> **Exercise aim**:
The lines from the first line of the entries through the line containing "Balogh L�szl� - A kilencedik v�zes�s" are to be repeated exactly, with both of those lines included.
*** Opening Supplied material ***
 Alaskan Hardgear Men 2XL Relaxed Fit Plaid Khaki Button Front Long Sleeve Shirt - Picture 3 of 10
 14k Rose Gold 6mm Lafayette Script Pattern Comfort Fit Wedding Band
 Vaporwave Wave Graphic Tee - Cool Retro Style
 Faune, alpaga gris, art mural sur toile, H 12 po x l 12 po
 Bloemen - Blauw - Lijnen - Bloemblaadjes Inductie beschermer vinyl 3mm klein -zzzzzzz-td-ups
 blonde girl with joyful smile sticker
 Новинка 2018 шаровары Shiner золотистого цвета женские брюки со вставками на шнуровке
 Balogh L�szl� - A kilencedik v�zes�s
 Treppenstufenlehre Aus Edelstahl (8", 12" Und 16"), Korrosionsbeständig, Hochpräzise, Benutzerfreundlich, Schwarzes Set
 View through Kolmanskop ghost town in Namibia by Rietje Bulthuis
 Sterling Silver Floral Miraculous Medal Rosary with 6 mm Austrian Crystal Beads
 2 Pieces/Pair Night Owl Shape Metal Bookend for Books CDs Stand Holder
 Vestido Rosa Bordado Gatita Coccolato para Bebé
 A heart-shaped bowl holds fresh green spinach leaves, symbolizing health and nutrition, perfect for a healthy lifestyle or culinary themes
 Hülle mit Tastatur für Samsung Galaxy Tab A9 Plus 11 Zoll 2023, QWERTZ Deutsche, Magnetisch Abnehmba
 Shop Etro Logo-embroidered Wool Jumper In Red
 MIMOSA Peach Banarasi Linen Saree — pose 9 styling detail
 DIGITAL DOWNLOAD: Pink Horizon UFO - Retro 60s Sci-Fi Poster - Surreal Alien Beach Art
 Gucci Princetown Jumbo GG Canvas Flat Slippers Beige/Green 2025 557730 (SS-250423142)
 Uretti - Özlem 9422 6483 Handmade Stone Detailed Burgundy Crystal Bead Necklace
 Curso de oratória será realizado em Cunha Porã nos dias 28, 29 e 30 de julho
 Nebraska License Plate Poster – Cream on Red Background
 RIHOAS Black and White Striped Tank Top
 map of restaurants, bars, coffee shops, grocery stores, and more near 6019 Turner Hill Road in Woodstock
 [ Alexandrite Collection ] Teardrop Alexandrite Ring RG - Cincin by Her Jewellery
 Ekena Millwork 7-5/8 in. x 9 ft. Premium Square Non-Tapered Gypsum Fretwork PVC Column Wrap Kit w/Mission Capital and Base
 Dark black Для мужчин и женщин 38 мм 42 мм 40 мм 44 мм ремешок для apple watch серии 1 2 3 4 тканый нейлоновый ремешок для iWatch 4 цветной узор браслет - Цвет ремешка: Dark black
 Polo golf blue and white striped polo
*** Closing Supplied material ***
> **Answer to this exercise**:
 Alaskan Hardgear Men 2XL Relaxed Fit Plaid Khaki Button Front Long Sleeve Shirt - Picture 3 of 10
 14k Rose Gold 6mm Lafayette Script Pattern Comfort Fit Wedding Band
 Vaporwave Wave Graphic Tee - Cool Retro Style
 Faune, alpaga gris, art mural sur toile, H 12 po x l 12 po
 Bloemen - Blauw - Lijnen - Bloemblaadjes Inductie beschermer vinyl 3mm klein -zzzzzzz-td-ups
 blonde girl with joyful smile sticker
 Новинка 2018 шаровары Shiner золотистого цвета женские брюки со вставками на шнуровке
 Balogh L�szl� - A kilencedik v�zes�s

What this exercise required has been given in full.